=== ASSIGNMENT ===
The response should contain only the line with "BMW X6 2026" and every line after it to the end of the listing below, duplicated exactly; no picture belongs in it.

=== SUPPLIED MATERIAL ===
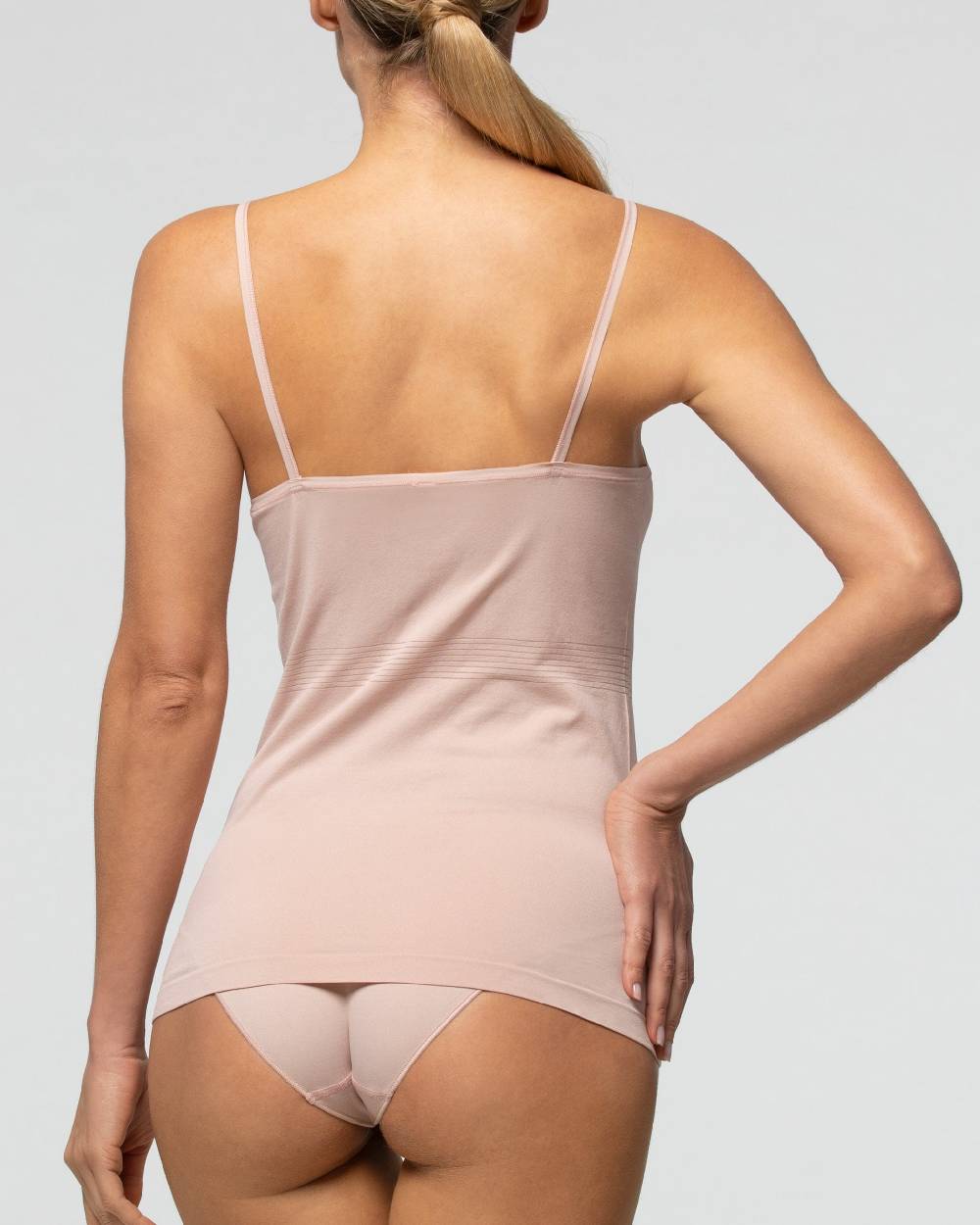 Pompea Canotta Seamless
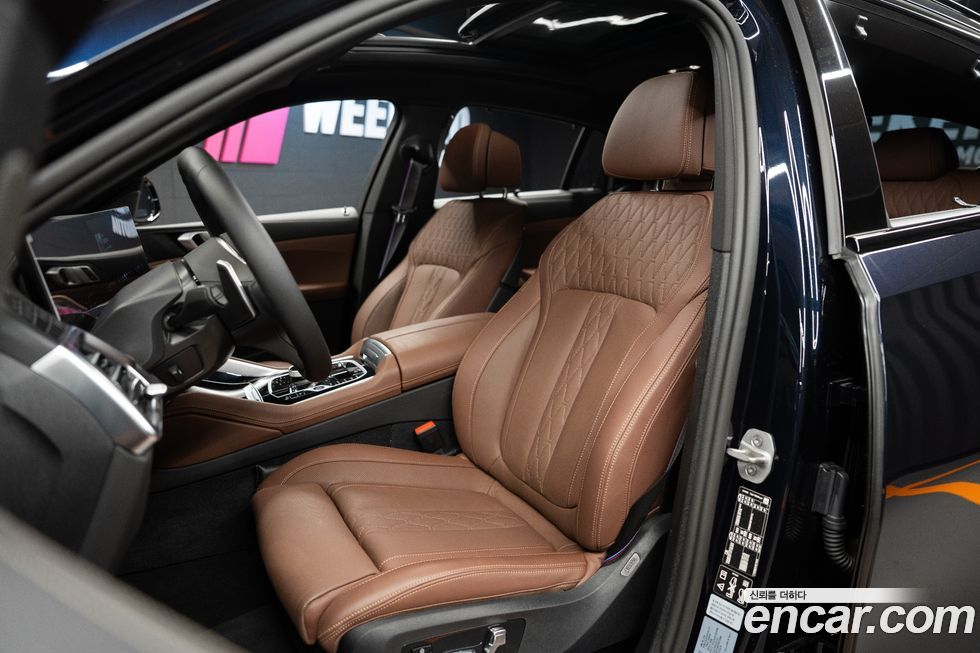 BMW X6 2026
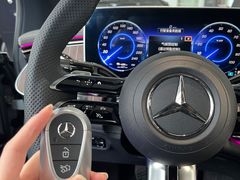 -宁波之星奔驰4S店(海曙店)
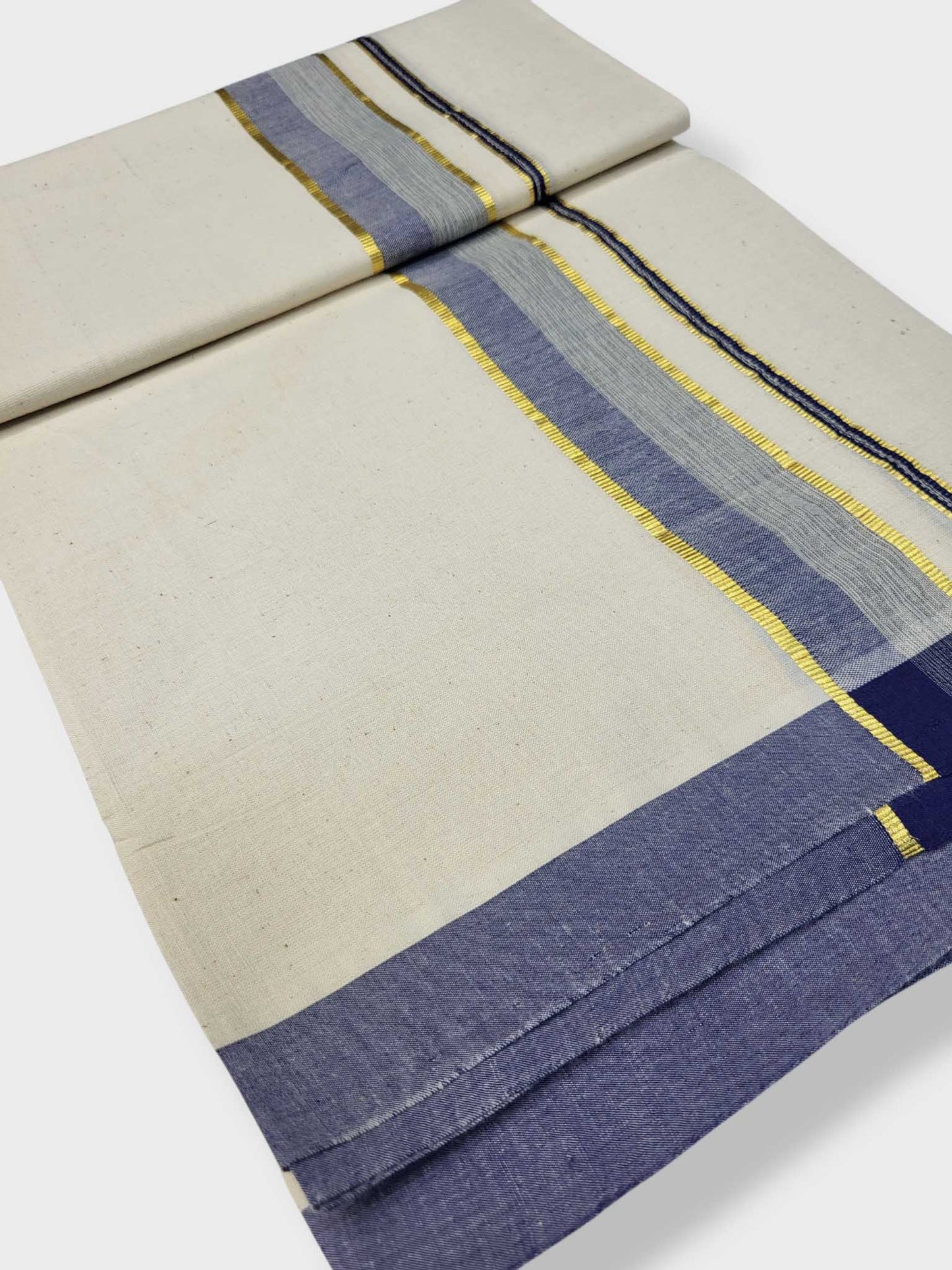 Single Kerala Mundu/Dhoti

=== ANSWER BELOW ===
 BMW X6 2026
 -宁波之星奔驰4S店(海曙店)
 Single Kerala Mundu/Dhoti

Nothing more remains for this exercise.